Is Hirayama content? Seemingly so. Speaking only when necessary, more likely to gesture than talk, he gives little away and wants for nothing. Or so it seems, until his life is unexpectedly interrupted, along with his equilibrium, and the rhythm — of the man, and the film — wavers. Slightly.

There is little drama in Perfect Days, just morsels of movement, and an emotional evolution as we learn a smidge more about Hirayama. The 78-year-old Wenders, who co-wrote the film (with poet Takuma Takasaki), is now in his sixth decade as a filmmaker, and it’s hard to imagine a young director having made this tribute to a man subtly sizing things up, and certainly not as compassionately as Wenders has. Meanwhile, life experience spills out of 68-year-old lead Kōji Yakusho, his performance a masterclass in nuance. When he does need to express himself more demonstrably, multiple emotions flicker all at once, and it’s moving in a way that you can’t entirely put your finger on. The whole film is like that: almost out of reach, with much to say while apparently doing so little. It sinks in stealthily.

Perfect Days

It’s all about those rhythms, and how we navigate them when they change. There’s a Buddhist quality to the film, in which no sapling goes uncherished by Hirayama, who values trees at least as much as humans, stopping to admire the infiltrating sunlight, capturing it all with a film camera. Resolutely analogue, listening to music cassettes (Otis Redding, Lou Reed, Nina Simone) as he travels, he has rigidly remained in the early 1970s as the world has transformed around him. When he’s not working, he is just as ritualistic: the same public baths, the same bar, the same bookshop. Living at his own pace, he is a man out of time but in the moment, however humble those moments may be. And he embraces work as something to get lost in. Or maybe retreat to.

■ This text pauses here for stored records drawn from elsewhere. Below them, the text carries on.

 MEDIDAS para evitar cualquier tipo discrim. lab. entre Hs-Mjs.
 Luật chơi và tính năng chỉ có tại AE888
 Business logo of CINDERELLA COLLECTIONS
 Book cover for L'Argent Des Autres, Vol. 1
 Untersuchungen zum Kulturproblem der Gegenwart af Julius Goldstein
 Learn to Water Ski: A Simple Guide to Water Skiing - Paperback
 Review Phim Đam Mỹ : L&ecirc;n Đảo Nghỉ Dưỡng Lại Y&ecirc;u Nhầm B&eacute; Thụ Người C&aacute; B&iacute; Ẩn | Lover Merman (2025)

The film embraces it too, and is as meditative as the man, with cinematographer Franz Lustig’s camera watching him discreetly but affectionately. It’s a loving portrait, profound in its serenity, but not without humour, Hirayama perpetually a little flustered by his unreliable, skittish young colleague Takashi (Tokio Emoto, a joyful puppy of a man). Yet it’s the calmness that lingers, and it strikes you how rare that is in cinema these days. And in our lives. It’s a slight film, happy to dither, to just be. It might not change your world, but it may well nourish you. Which is, of course, the point.

Zen and the art of toilet cleaning? You’d better believe it. This is as gentle as it gets — a humble little film, maybe, but an enriching one. It’s a soul-cleanse.